#Tweetadder 3.0 plus#
A big plus of this tool, compared to the other two mentioned above, is that it queries natively Kafka via a dedicated connector. One of the tools that fits in this category is Presto, a distributed query engine belonging to the same family of Impala and Drill commonly referred as sql-on-Hadoop. It opened a whole bundle of opportunities to query tools not officially supported by DVD but that expose those type of connectors. The enhancement, amongst others, that made my day was the support for JDBC and ODBC drivers. This year it was Oracle Data Visualization Desktop 12.2.3.0.0 with a bunch of new features covered in my previous blog post. We wrote at the beginning of the year a blog post about doing it with Spark Streaming and Python however that setup was more data-scientist oriented and didn't provide a simple ANSI SQL familiar to the beloved end-users.Īs usual, Oracle annouced a new release during Kscope.
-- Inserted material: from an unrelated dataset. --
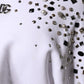 Dolce & Gabbana White Embellished Long Sleeve Cropped Sweater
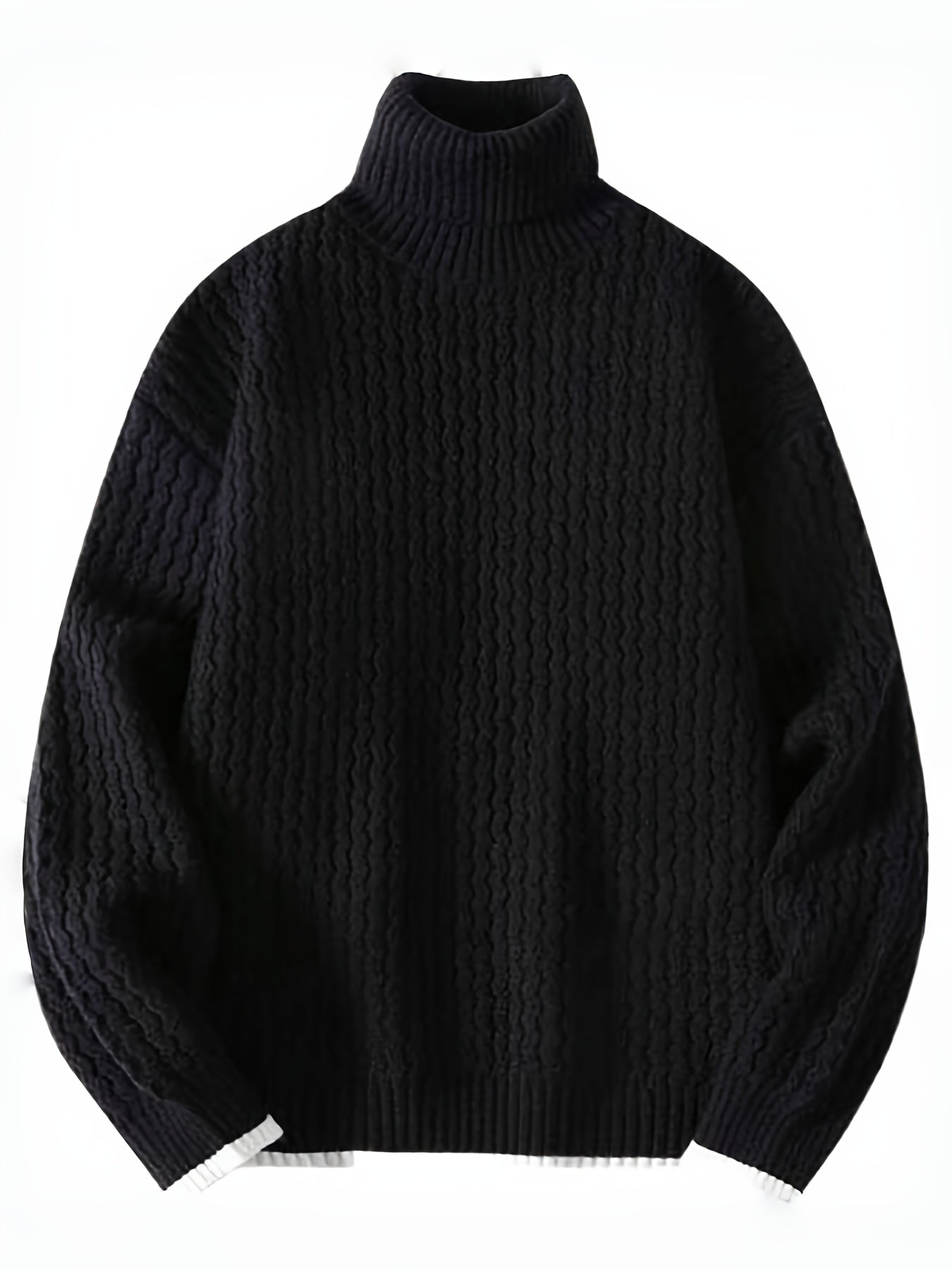 Cozy Solid Striped Knit Pullover Sweater - Men's Casual Long Sleeve Turtle Neck for Fall Winter - Soft, Warm, and Breathable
However the "parking to data-store" step can sometimes be omitted with analytical tools querying directly Kafka for real-time analytics. One of the key points of all Kafka-related discussions at Kscope was that Kafka is widely used to take data from providers and push it to specific data-stores (like HDFS) that are then queried by analytical tools. I wont go in detail on what's the specific role of Kafka and how it accomplishes, You can grab the idea from two slides taken from a recent presentation by Confluent. Two weeks ago I was at Kscope17 and one of the common themes, which reflected where the industry is going, was the usage of Kafka as central hub for all data pipelines. I deliberately excluded Andy Murray from the list above since he kicked out my favourite player: Dustin Brown.


Last week there was Wimbledon, if you are a fan of Federer, Nadal or Djokovic then it was one of the events not to be missed.